# I need some help



## jroosen (Jun 25, 2012)

I'm new here and looking for some guidance. 

My wife and I started dating 13 years ago and have been married for 8 years. For the most part, we've had a good marriage. Every once in a while, we get in a rut, but we've always worked it out.

A little fidelity background. When we were in college, dating maybe 2 years, I made out with a girl we were both friends with. It almost ended the relationship, but we worked through it. 

I love my wife dearly, but I don't always show how much I appreciate her. Actually, I've been fairly bad about taking her for granted. We've had several conversations about the fact that I don't appreciate her, but I guess it never really sank in.

Last night, while hanging out with our closest friends, I walked down in the basement to find the two making out. I almost threw up, turned and walked away. My wife heard me turn and came after me. I confronted her about it. She said she didn't know how it happened...it just did. She swore it never happened before. Obviously we left our friends house immediately.

When we got home, the conversation started. I asked her if this had ever happened before and she said no. Long story short, I drug it out of her that this had happened repeatedly before. Not only that, but about 2 months ago, they had sex.

No surprise, I'm feeling pretty hurt by both of them. The kicker is, I'm not as upset with her as I am with him. I feel like I pushed her away. He's supposed to be my best friend. I don't know what I did to him. 

I told my wife that this is not necessarily the end for us. I'm willing to try to work things out. I told her that I'm only willing to do that if she can promise/guarantee/swear that it ends now and this doesn't happen again. She's having a hard time doing that.

I can't imagine life without her. She's my everything. Without her I don't know what I'd do.

I guess I'm just looking for someone to share with me what they have done in a similar situation.

Please help. I'm desperate.


----------



## lamaga (May 8, 2012)

Good luck to you, you'll get lots of advice here.


----------



## TBT (Dec 20, 2011)

You said closest friends.So is this guy married,and if so what did his wife have to say about it? Saying,I'm sorry you're here,sometimes sounds so trite to me,but nevertheless I am.


----------



## jroosen (Jun 25, 2012)

His wife does not know. Part of me doesn't feel that its my place to tell her, but at the same time, I feel like I should. My wife asked me not to tell her. She told me its bad enough she screwed up our relationship, she doesn't want to hurt theirs.
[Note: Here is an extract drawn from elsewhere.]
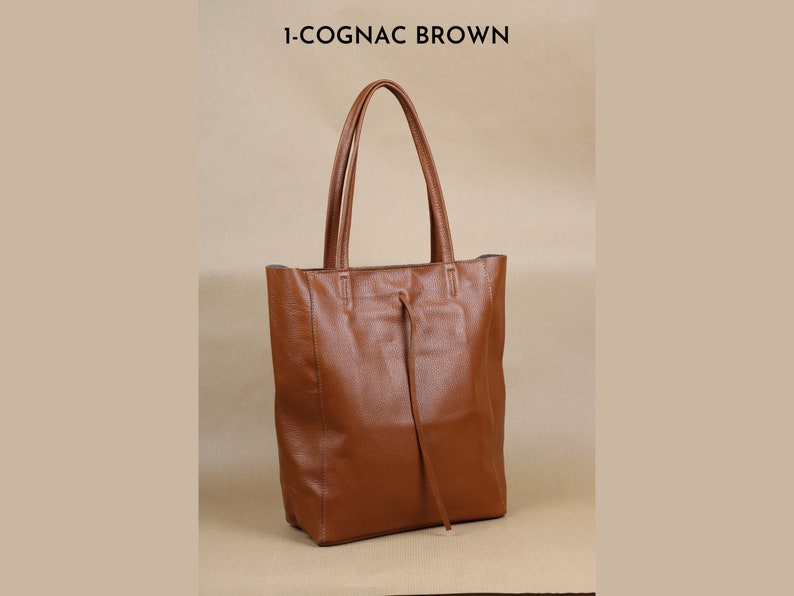 Leren shoppertas, damesschoudertas, grote buideltas, draagtas met ritssluiting, cadeau voor haar 1- Cognac Brown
Seems too late for that.


----------



## anonymouskitty (Jun 5, 2012)

Ha Bull crap your wife doesn't want to tell her because her virgin mary image is going to go out the ****ing window. Tell the OMW


----------



## dormant (Apr 3, 2012)

If you are really close friends, maybe you could tell him you are considering telling her. Then tell him, you are giving him a chance to come clean first.


----------



## Almostrecovered (Jul 14, 2011)

jroosen said:


> His wife does not know. Part of me doesn't feel that its my place to tell her, but at the same time, I feel like I should. My wife asked me not to tell her. She told me its bad enough she screwed up our relationship, she doesn't want to hurt theirs. Seems too late for that.



exactly that, she already hurt the relationship


by telling the OMW you accomplish a few things-


1) OM will likely throw your wife under the bus to save his marriage, this will help bring your wife out of the fog she is in currently
2) exposure helps destroy the affair, when affairs are no longer secret and exciting they usually die 
3) OMW deserves to know, just as you deserved to know the whole truth


please read the newbie link in my signature


----------



## ArmyofJuan (Dec 29, 2010)

jroosen said:


> His wife does not know. Part of me doesn't feel that its my place to tell her, but at the same time, I feel like I should. My wife asked me not to tell her. She told me its bad enough she screwed up our relationship, she doesn't want to hurt theirs. Seems too late for that.


YES TELL HER...unless you want them to continue seeing each other. Anyway HE screwed up his relationship already, you are just the messenger.



> I told my wife that this is not necessarily the end for us. I'm willing to try to work things out. I told her that I'm only willing to do that if she can promise/guarantee/swear that it ends now and this doesn't happen again. *She's having a hard time doing that.*


What!?
She should have agreed to this on the spot, if there's any question she can't NC with the OM you need to leave her.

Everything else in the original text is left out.